Some other Python features that might be easy to adapt your script for might be:

Generic classes (and thus PEP 695)
Assignment expressions (PEP 572)
Match statements (PEP 636)

Rosuav · October 23, 2023, 2:15am

Definitely possible. But I would have to get some indication of how many lines COULD be affected by other proposals, which is harder than simply checking how many times assignment expressions are used or how many match keywords there are (since the stdlib doesn’t accept “pure churn” commits).

I also suspect that nobody will really know what the numbers mean anyway. What counts as “meaningful” or “impactful” for one proposal might be quite meaningless for another; for example, assignment expressions are extremely useful in regular expression matching, but keyword argument matching is going to be more useful in APIs based around lots of different parameters. How do you compare those? What percentage of LOC, or percentage of calls, or any other metric, makes sense? I’m kinda at a loss here.

ntessore · October 23, 2023, 6:43am

Thanks for the updated script! I was thinking of all keyword parameters; comparing how many x=x against how many x=y. But even so it’s clear that this has significant impact, as you find that around 10% of the function calls you looked at could be simplified.^[1]

if you accept that this proposal makes things simpler ↩︎

Rosuav · October 23, 2023, 7:01am

Okay!

Total function calls: 265734
Calls with any kwarg: 21009 7.91%
Maximum kwargs count: 22
Calls with any 'x=x': 2849 1.07%
 - compared to kwarg: 2849 13.56%
Maximum num of 'x=x': 10
Total keyword params: 35221 0.13 per call
Num params where x=x: 3858 10.95%

So when they’re used, they’re used a lot. Somewhere in the stdlib, there’s a function with 22 kwargs… and yet the average is just 0.13 per call.

davidism · October 23, 2023, 3:30pm

9 posts were merged into an existing topic: Syntactic sugar and unpacking of dictionaries

hels15 · October 23, 2023, 7:23pm

Any ideas on what this syntactic sugar should be called?

NeilGirdhar · October 23, 2023, 11:23pm

Is there an opportunity to make this common pattern more efficient by providing a new OP code?

For example, instead of:

  1           0 LOAD_CONST               1 ('keyword')
              2 LOAD_GLOBAL              0 (keyword)

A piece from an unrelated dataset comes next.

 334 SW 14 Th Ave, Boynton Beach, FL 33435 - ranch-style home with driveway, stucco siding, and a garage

would it be more efficient to have

  1           0 LOAD_CONST_AND_GLOBAL               0 ('keyword')

Since matching named arguments are so common, could this make a noticeable performance difference?

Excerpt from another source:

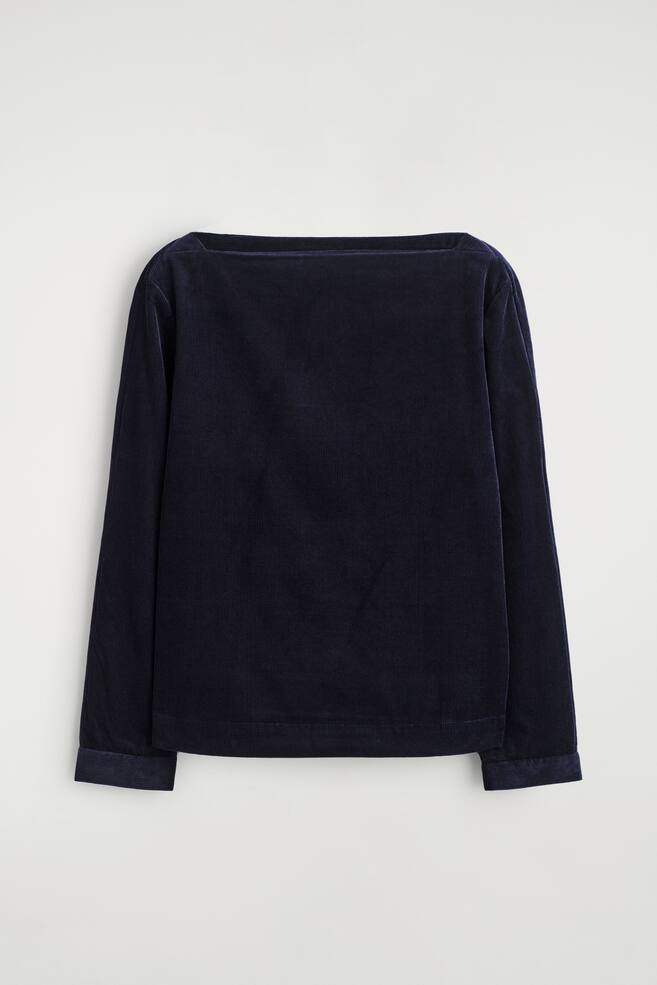 Een donkerblauwe corduroy top wordt van de VOORKANT gepresenteerd, met een kenmerkende corduroy textuur en zichtbare verticale ribbels overal. Het heeft een rechte, brede halslijn en lange mouwen met eenvoudig gezoomde manchetten. - 1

guido · October 23, 2023, 11:54pm

Uh, what Python code would correspond to those two bytecodes?

NeilGirdhar · October 24, 2023, 12:06am

Sorry, I guess I don’t really understand the KW_NAMES opcode. For some reason, I thought that function calls would have to load both the keyword name and the variable of the same name in two separate opcodes. But dis.dis(lambda:f(second=a, first=b, third=c)) produces:

  1           0 RESUME                   0
              2 LOAD_GLOBAL              1 (NULL + f)
             14 LOAD_GLOBAL              2 (a)
             26 LOAD_GLOBAL              4 (b)
             38 LOAD_GLOBAL              6 (c)
             50 KW_NAMES                 1
             52 PRECALL                  3
             56 CALL                     3
             66 RETURN_VALUE

I expected the see first beign loaded separately, and I thought we might be able to combine opcodes if that were the case. I guess the keywords are being loaded by KW_NAMES? So all the keywords only use up one operation, so there probably isn’t as big of savings as I thought.

guido · October 24, 2023, 12:33am

Right, the keyword names are not treated as expressions. In 3.13 (on the main branch) we’re doing it somewhat differently again. Probably not worth pursuing more.

Rosuav · October 24, 2023, 12:34am

Yeah - they’re a tuple (a function constant). I’m not sure why your dis.dis didn’t show that; on mine, there’s a parenthesized annotation out the right hand side showing it, and:

>>> (lambda:f(second=a, first=b, third=c)).__code__.co_consts
(None, ('second', 'first', 'third'))

TomRitchford · October 25, 2023, 2:55pm

What about “implicit named arguments”?

EDIT:

Neil Girdhar elsewhere suggested matching named argument ellision.

guido · October 25, 2023, 3:21pm

“Abbreviated keyword arguments”?

joshuabambrick · October 25, 2023, 4:26pm

In other languages, this feature has sometimes been called ‘punning’:

That said, it’s not very clear to me why and seems a little overloaded with Type punning

ngie · October 25, 2023, 5:59pm

This is an interesting proposal.

I like the idea, but not the proposed way that the submitter suggested it be expressed; it seems to invite ambiguity in the language syntax (which will confuse linters, syntax highlighters, third-party tooling which relies on the existing syntax), and risks typos resulting in potentially undesirable behavior, if a developer injects a comma at the wrong place.

The benefit of the walrus operator is that it provided a syntactic construct which was similar to existing assignment expressions, but different enough that it could be discerned from other valid variable assignment syntax.

Could a special set of tokens (like :=) be used instead to explicitly note that variable punning is taking place?

ngie · October 25, 2023, 6:02pm

Elided keyword arguments?

hels15 · October 25, 2023, 6:42pm

shorthand-keyword-arguments? Similar terminology in JS and Swift.

tmk · October 25, 2023, 10:34pm

It seems to be called a “pun” because it’s about using the same identifier in different namespaces. Apparently this kind of Haskell code is also referred to as punning:

data Point a = Point a a

where the first “Point” is a “type constructor” (something like the name of the type) and the second “Point” the “data constructor” (something like a constructor).

joshuabambrick · October 25, 2023, 11:32pm

Nice, thanks. I guess to restate what you said, a “pun” is generally where you say something which you intend to be interpreted in two ways, akin to how here the variable should be interpreted both as an argument name and the local variable which gives that argument its value.